Provider Model Examples Environment Variable Usage Example
OpenAI gpt-4o OPENAI_API_KEY --model_name gpt-4o
Anthropic Claude 3 Sonnet ANTHROPIC_API_KEY --model_name claude-3-sonnet-20240229
OpenRouter Meta Llama models OPENROUTER_API_KEY --model_name openrouter/meta-llama/llama-4-maverick:free
Google gemini-2.0-flash GEMINI_API_KEY --model_name gemini/gemini-2.0-flash

Example usage:

export OPENROUTER_API_KEY=sk-...
python -m docext.app.app --model_name "openrouter/meta-llama/llama-4-maverick:free"

Docker

  1. Add your huggingface token to the environment variable. Not needed if you are using the default model.
  2. Utilize all available GPUs or specify a particular one as needed (e.g., --gpus '"device=0"'). CPU mode is not supported; for trying out the app, we recommend using Google Colab, which offers free GPU access.
docker run --rm \
  --env "HUGGING_FACE_HUB_TOKEN=<secret>" \
  -v ~/.cache/huggingface:/root/.cache/huggingface \
  --network host \
  --shm-size=20.24gb \
  --gpus all \
  nanonetsopensource/docext:v0.1.7 --model_name "hosted_vllm/Qwen/Qwen2.5-VL-7B-Instruct-AWQ"
  1. If you are using vendor-hosted models, you can use the following command:
docker run --rm \
  --env "OPENROUTER_API_KEY=<secret>" \
  --network host \
  nanonetsopensource/docext:v0.1.7 --model_name "openrouter/meta-llama/llama-4-maverick:free"

About

docext is developed by Nanonets, a leader in document AI and intelligent document processing solutions. Nanonets is committed to advancing the field of document understanding through open-source contributions and innovative AI technologies. If you are looking for information extraction solutions for your business, please visit our website to learn more.

Contributing

We welcome contributions! Please see contribution.md for guidelines.

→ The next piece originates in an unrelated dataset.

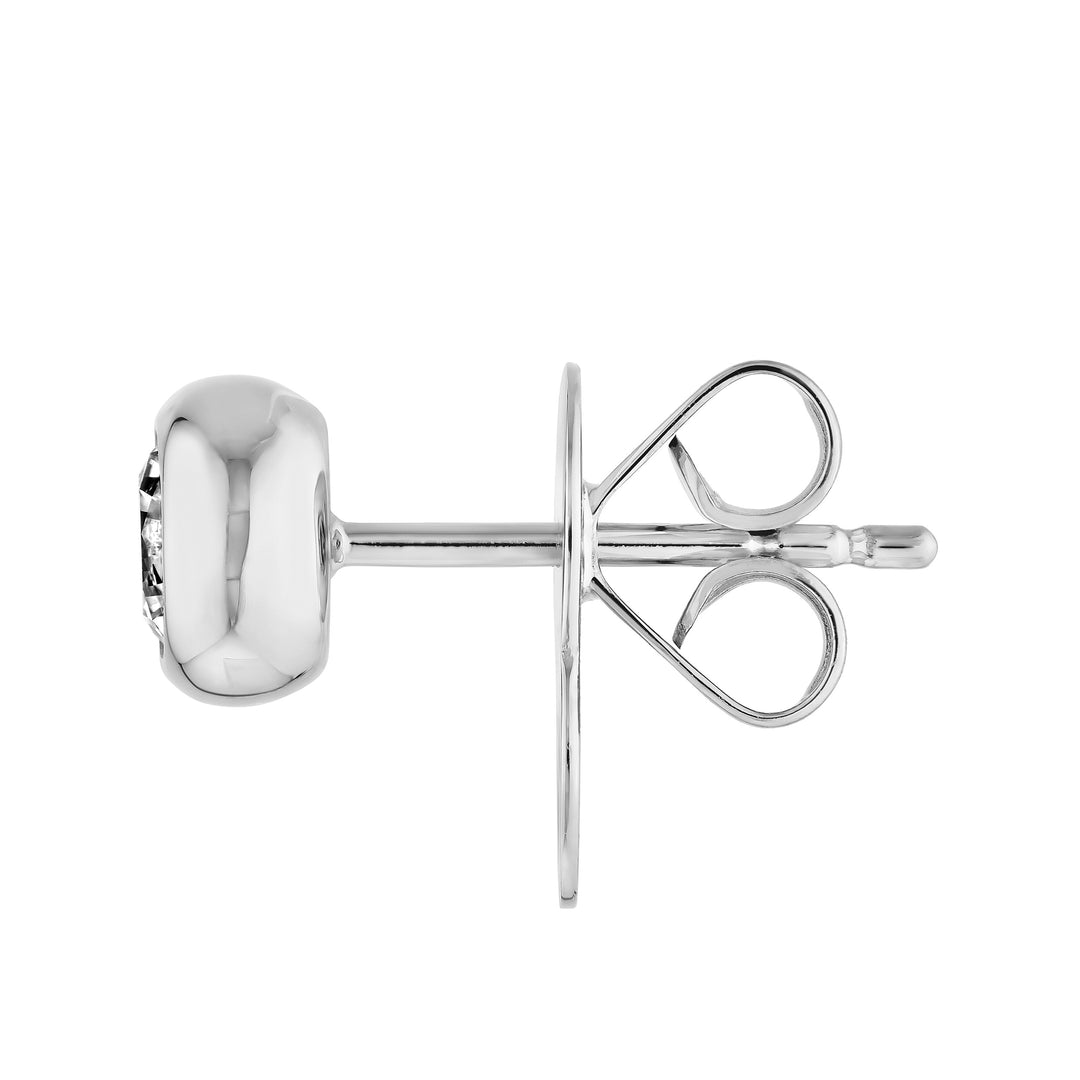 1/2tcw Round Diamond Stud Earrings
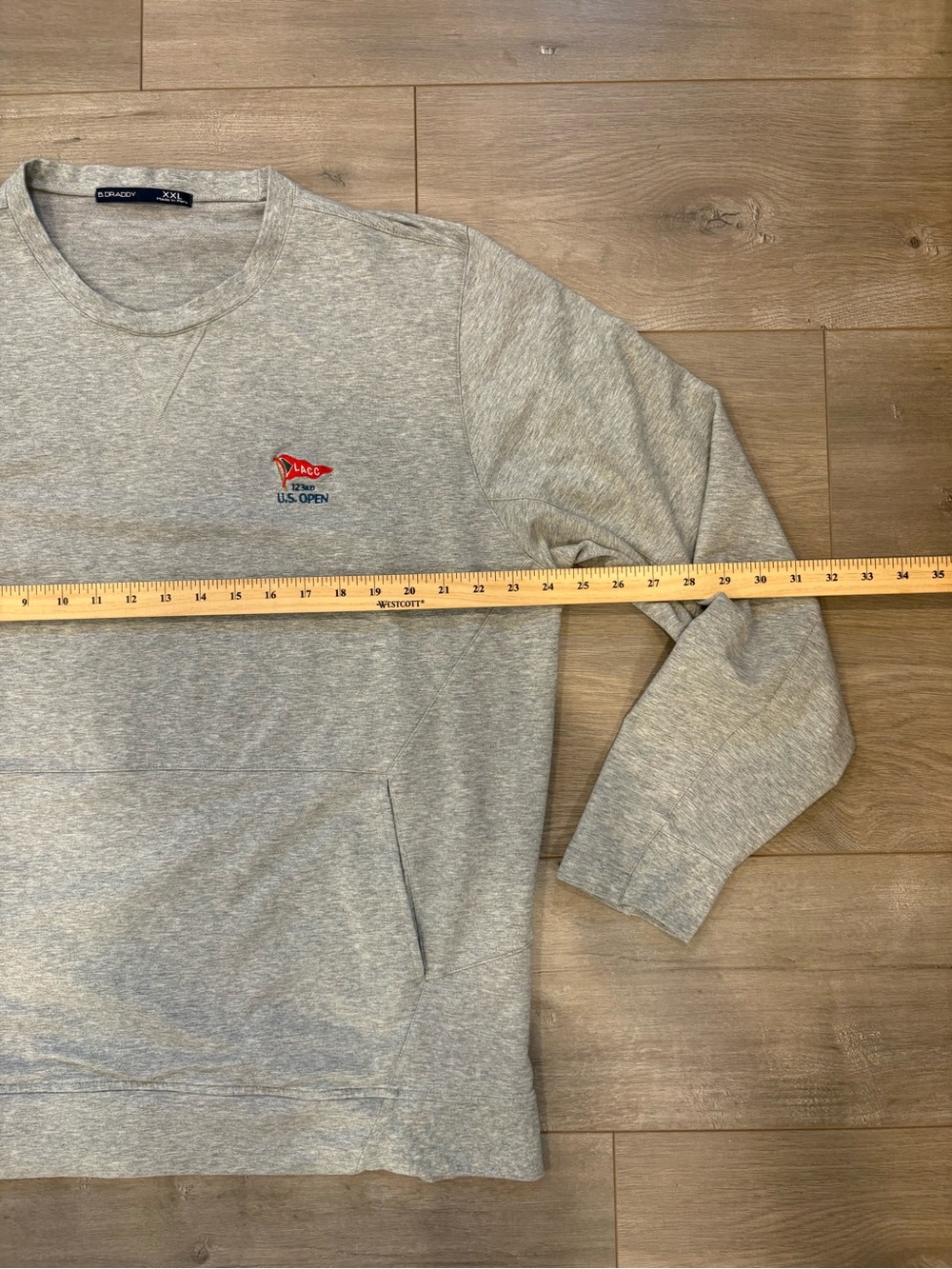 B Draddy Sport x Los Angeles Country Club LACC Russ Crewneck Men’s XXL - Picture 3 of 7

If you have a feature request or need support for a new model, feel free to open an issue—we'd love to discuss it further!

Troubleshooting

If you encounter any issues while using docext, please refer to our Troubleshooting guide for common problems and solutions.

License

This project is licensed under the Apache License 2.0 - see the LICENSE file for details.